_Problem statement_
Repeat exactly the lines of the entries below from the one with "Calendula officinalis" through the one with "Космея Рыжик", both ends included, and nothing else.

Short text fragments from websites
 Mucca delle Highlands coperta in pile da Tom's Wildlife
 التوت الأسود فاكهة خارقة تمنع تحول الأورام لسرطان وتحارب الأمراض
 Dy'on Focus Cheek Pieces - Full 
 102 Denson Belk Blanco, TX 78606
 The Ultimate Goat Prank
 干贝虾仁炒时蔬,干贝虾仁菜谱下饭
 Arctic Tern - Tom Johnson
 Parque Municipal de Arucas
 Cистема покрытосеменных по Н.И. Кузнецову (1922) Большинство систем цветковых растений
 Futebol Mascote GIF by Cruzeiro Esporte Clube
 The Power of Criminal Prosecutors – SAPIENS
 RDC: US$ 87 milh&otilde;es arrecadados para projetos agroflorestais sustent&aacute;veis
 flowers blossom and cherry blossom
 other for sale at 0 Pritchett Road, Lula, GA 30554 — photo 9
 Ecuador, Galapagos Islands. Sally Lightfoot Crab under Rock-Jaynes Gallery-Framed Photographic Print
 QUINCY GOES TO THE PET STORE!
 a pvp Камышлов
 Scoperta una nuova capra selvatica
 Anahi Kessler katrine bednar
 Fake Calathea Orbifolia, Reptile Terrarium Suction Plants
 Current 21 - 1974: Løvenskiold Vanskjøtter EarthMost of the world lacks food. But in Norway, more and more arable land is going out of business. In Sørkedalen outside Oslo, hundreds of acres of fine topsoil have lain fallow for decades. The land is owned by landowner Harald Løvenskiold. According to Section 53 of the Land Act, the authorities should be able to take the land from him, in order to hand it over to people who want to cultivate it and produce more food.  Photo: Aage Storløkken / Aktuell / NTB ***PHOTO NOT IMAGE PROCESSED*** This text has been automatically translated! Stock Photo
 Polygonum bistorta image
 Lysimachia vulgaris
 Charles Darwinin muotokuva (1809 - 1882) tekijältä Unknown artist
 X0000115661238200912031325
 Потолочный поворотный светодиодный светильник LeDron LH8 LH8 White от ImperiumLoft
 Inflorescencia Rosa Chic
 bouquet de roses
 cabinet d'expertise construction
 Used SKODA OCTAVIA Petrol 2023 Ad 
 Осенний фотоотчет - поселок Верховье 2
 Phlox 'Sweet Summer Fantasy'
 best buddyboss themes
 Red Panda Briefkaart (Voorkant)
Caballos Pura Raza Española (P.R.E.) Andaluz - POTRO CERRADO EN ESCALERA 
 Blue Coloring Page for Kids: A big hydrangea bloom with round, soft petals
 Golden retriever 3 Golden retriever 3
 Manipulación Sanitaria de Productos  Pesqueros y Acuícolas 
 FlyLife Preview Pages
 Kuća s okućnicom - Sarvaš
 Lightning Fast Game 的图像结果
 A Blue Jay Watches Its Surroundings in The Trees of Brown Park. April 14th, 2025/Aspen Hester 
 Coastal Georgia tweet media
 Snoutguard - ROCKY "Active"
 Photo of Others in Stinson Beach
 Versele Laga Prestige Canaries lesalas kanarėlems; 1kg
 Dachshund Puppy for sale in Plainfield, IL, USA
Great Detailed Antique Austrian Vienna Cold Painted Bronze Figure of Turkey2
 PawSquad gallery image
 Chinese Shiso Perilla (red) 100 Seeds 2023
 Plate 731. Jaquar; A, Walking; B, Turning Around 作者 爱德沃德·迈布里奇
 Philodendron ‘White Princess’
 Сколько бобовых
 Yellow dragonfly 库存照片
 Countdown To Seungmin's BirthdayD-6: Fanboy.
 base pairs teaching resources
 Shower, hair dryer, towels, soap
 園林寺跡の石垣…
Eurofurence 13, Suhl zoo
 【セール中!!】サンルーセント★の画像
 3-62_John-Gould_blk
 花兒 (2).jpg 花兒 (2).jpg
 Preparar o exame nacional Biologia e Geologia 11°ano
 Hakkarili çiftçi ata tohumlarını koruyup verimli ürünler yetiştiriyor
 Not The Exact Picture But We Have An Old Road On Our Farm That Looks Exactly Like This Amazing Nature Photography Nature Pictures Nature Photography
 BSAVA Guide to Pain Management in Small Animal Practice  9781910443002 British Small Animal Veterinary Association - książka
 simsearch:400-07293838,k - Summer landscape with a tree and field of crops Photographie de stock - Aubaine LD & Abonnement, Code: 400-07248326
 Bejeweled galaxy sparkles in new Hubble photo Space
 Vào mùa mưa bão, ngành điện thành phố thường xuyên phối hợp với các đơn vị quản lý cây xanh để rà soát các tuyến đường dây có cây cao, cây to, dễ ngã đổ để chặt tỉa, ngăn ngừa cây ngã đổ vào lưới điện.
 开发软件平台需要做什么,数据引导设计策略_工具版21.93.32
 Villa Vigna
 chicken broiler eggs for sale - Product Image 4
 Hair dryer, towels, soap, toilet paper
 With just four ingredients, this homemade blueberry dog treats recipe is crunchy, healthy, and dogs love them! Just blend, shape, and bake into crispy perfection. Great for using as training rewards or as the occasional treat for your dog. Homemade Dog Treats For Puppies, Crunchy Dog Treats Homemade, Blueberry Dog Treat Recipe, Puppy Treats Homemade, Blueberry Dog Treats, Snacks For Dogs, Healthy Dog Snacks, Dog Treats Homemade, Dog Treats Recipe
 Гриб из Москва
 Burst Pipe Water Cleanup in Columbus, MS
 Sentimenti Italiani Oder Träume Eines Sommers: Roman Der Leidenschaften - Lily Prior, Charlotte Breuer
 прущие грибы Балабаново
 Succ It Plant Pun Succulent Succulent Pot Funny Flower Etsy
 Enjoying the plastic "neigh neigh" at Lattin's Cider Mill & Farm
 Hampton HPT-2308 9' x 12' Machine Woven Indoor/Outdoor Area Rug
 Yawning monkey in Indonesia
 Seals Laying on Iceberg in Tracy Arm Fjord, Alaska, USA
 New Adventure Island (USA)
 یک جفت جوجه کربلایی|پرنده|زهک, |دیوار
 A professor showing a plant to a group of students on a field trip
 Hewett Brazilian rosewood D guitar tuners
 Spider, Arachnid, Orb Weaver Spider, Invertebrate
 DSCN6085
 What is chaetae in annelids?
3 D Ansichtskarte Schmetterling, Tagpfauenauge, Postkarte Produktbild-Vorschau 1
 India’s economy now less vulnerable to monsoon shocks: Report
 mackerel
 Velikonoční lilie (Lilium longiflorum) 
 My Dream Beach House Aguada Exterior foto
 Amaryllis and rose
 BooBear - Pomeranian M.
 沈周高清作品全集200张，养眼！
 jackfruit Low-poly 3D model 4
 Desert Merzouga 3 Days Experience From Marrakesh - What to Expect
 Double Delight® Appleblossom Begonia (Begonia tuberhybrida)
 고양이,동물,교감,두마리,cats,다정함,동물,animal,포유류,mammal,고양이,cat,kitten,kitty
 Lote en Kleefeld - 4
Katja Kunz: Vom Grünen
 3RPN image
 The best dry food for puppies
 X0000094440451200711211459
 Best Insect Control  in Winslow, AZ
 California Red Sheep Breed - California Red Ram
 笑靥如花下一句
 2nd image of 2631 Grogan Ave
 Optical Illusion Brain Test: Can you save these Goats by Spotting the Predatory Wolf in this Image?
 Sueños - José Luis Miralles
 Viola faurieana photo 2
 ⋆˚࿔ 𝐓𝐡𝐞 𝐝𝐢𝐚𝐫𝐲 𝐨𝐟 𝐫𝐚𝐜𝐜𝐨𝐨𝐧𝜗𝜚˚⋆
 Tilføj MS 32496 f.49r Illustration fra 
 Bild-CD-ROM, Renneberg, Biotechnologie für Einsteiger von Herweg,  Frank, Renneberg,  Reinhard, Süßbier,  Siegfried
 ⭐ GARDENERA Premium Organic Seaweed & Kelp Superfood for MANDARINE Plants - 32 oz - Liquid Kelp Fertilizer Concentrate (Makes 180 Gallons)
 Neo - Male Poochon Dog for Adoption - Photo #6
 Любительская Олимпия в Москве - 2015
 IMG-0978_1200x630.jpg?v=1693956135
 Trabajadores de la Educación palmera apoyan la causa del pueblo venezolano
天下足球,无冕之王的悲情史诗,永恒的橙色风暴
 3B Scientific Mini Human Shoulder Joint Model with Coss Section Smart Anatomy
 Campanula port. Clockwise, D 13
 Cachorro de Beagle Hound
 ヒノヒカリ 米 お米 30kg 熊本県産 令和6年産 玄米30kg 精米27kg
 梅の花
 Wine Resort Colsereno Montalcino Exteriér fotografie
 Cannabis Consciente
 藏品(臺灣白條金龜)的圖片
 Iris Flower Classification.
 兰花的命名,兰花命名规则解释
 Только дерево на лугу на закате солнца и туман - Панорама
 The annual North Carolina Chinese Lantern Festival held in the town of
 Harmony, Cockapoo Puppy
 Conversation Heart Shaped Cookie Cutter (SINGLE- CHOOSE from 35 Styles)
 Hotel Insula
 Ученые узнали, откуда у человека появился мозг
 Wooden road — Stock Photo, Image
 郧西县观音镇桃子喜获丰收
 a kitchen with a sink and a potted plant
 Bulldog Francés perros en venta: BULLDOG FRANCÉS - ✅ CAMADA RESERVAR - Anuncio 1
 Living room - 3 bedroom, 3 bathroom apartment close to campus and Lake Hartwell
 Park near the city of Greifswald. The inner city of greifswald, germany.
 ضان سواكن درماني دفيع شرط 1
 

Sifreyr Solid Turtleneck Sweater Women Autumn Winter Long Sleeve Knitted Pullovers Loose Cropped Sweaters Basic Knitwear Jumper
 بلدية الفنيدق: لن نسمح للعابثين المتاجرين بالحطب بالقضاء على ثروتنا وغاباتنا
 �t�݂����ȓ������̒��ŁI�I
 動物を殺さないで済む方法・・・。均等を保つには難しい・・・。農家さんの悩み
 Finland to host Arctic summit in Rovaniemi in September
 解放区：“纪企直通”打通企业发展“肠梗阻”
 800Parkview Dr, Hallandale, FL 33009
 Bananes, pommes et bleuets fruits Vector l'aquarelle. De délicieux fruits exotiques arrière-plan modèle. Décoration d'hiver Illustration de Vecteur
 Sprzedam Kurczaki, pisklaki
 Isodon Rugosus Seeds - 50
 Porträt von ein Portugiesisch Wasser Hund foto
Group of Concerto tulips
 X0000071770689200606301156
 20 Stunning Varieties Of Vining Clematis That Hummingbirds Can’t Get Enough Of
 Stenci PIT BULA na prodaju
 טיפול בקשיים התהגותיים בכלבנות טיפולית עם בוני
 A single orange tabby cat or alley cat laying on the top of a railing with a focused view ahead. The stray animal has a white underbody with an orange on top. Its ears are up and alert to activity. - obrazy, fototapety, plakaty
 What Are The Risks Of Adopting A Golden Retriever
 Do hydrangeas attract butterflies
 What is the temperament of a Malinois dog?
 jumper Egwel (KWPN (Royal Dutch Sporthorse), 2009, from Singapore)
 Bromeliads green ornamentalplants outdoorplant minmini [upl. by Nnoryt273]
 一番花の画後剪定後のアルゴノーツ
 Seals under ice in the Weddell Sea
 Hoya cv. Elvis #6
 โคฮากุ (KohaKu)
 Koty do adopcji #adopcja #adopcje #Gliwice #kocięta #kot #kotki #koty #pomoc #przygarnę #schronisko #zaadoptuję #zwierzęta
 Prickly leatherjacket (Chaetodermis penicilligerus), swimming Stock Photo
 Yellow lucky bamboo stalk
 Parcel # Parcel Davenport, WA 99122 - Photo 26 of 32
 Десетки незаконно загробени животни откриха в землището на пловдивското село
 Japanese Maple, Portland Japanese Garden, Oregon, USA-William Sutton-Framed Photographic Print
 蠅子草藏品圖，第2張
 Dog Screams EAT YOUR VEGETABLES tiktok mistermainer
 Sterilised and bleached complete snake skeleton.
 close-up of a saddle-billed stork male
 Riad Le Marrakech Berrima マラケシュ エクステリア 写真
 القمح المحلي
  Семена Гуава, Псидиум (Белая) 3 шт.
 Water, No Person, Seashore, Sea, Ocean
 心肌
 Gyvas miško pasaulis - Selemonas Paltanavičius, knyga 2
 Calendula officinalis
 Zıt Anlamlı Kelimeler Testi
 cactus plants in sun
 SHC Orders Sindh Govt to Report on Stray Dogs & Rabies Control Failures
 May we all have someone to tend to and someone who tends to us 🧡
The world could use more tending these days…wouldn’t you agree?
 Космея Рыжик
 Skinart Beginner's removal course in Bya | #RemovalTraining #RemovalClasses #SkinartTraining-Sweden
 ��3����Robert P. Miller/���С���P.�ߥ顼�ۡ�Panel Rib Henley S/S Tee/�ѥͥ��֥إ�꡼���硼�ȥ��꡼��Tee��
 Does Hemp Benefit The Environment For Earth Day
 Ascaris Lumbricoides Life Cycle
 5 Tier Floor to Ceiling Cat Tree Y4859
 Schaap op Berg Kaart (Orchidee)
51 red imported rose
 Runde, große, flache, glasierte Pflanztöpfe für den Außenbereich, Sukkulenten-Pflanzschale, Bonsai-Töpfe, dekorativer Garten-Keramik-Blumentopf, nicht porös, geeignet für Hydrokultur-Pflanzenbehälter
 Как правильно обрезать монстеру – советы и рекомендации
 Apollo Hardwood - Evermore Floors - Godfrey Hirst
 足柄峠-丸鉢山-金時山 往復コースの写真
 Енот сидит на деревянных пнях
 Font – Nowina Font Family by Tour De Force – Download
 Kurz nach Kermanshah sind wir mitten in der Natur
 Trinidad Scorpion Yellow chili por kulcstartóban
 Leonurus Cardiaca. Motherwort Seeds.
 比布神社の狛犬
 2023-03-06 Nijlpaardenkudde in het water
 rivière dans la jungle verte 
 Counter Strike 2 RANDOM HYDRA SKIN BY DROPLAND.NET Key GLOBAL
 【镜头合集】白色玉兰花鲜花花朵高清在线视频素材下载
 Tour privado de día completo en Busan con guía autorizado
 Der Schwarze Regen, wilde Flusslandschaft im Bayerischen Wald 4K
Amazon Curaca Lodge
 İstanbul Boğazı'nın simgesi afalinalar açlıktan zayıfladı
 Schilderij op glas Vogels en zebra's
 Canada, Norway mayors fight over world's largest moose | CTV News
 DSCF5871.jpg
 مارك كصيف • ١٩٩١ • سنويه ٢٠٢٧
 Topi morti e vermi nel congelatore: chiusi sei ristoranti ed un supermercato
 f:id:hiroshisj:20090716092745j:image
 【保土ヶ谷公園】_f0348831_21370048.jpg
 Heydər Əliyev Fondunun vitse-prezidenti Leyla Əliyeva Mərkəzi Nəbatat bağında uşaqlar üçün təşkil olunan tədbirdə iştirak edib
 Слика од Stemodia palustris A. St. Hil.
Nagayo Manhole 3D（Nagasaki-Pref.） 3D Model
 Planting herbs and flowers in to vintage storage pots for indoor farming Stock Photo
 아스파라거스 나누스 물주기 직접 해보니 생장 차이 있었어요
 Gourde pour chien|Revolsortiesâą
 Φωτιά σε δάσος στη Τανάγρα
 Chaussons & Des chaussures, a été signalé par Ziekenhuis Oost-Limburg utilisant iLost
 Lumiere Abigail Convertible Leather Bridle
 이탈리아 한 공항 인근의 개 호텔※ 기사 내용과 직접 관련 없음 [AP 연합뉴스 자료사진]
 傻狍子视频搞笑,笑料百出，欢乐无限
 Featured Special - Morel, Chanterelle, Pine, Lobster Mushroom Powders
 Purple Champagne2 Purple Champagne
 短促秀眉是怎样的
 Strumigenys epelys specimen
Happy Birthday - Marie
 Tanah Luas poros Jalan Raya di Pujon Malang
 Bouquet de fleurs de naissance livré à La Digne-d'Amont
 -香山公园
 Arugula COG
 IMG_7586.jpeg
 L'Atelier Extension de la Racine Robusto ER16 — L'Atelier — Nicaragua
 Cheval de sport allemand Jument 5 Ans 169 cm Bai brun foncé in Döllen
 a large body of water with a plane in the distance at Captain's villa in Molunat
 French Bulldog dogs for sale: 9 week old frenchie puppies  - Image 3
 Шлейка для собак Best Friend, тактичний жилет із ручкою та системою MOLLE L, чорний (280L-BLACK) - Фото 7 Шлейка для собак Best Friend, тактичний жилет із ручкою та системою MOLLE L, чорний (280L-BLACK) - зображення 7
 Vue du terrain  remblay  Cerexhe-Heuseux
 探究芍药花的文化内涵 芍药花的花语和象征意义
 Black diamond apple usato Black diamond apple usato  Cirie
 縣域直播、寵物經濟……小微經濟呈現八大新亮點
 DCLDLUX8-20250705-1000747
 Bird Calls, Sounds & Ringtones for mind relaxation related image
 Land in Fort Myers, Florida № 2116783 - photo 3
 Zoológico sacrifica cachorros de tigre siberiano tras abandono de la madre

_Problem solution_
 Calendula officinalis
 Zıt Anlamlı Kelimeler Testi
 cactus plants in sun
 SHC Orders Sindh Govt to Report on Stray Dogs & Rabies Control Failures
 May we all have someone to tend to and someone who tends to us 🧡
The world could use more tending these days…wouldn’t you agree?
 Космея Рыжик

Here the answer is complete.